Special Issue on Control Methods for Communication Networks - Introduction

The papers in this special issue cover a wide range of problems of current interest in communications networking with the common thread being a focus on control and optimization issues.  Most of the papers have a tutorial flavor.  The problem areas covered include

  1. the tradeoff between fidelity of communicated information and the required bit rate;
  2. admission control to decide when a request to set up a
    session demanding a particular QoS (quality of service) can be honored;
  3. congestion control to ensure the QoS guarantees are met or that
    fairness is maintained among the admitted sessions; and
  4. methods to achieve QoS through scheduling and resource allocation.

For (1) we have the paper of Francis and Dasgupta.  This paper starts with a review of subband coding and then discusses the optimal design of the subband filters subject to an overall bit rate constraint to maximize overall signal to noise ratio.

For (2) we have the paper of Hanly and Tse in a wireless context and the paper of Paschalidis in the context of a link handling multiclass traffic.  The latter paper also covers topic (4) and is discussed later.  The paper of Hanly and Tse introduces a concept of effect interference faced by a user due to competing users in a DS-CDMA (direct sequence code division multiple access) system and a related concept of effective bandwidth of each user which can be used to greatly simplify admission control decisions and to determine the carrying capacity of a multiaccess system.

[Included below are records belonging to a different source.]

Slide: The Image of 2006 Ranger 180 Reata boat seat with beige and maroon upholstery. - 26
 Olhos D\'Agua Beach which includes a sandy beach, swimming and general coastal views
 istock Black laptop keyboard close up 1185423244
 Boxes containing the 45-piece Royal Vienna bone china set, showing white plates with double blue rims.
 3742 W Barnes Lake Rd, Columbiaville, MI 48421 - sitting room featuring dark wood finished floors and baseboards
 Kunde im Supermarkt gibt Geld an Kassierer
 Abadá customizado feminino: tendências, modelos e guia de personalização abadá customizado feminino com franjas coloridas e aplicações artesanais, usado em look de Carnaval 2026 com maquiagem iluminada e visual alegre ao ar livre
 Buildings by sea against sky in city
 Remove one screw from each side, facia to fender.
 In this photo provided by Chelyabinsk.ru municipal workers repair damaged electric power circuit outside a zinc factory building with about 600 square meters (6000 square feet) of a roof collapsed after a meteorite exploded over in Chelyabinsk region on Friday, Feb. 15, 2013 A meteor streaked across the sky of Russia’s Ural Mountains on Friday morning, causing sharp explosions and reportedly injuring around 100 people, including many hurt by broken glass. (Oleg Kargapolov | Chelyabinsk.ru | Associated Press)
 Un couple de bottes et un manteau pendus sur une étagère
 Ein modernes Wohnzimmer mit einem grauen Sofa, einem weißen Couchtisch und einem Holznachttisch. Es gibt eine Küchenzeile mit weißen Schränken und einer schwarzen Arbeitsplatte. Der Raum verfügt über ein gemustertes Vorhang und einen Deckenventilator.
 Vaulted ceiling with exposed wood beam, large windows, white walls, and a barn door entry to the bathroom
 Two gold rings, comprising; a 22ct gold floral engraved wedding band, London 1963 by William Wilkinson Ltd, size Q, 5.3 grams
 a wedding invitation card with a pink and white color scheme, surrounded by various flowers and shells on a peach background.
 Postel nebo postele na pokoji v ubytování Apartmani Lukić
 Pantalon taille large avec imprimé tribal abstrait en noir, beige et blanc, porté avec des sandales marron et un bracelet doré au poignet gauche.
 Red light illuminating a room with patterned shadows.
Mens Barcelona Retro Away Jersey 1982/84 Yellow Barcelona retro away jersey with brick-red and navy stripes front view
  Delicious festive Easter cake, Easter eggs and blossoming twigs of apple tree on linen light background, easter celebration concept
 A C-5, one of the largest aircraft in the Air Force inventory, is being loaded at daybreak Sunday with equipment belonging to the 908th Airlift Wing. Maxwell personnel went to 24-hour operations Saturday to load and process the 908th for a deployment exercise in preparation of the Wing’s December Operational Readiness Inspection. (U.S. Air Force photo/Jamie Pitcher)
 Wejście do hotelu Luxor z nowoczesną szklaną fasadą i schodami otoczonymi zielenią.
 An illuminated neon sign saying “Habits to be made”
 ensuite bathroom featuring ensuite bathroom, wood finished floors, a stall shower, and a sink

For (3) we have the papers of Mascolo, of Gibbens and Kelly, and of  Altman, Basar and Srikant. The paper of Gibbens and Kelly discusses a packet marking scheme by which routers in a network can provide feedback to the sources to enable them to control their flows so as to share the network resources fairly. 

The paper of Mascolo adopts a classical control theoretic view of the problem of congestion control as control with delayed observations and relates TCP (transmission control protocol) to the Smith regulator. The paper of Altman et al. adopts a certainty equivalent control paradigm for the congestion control problem with the available link rate modelled as an autoregressive process and discusses the performance of two such schemes.

For (4) we have the paper of Prabhakar and Mckeown, in addition to the paper of Paschalidis. Paschalidis studies the GPS (generalized processor sharing) scheduling scheme using large deviations theory to characterize the packet loss probabilities and the probabilities of excessive delay in the competing flows, which can be used to determine how to choose the GPS scheduling parameters as well as for admission control.  Finally, Prabhakar and Mckeown study how a switch with input buffers and internal speedup could emulate an output-buffered switch.  They show that a speedup factor of four suffices.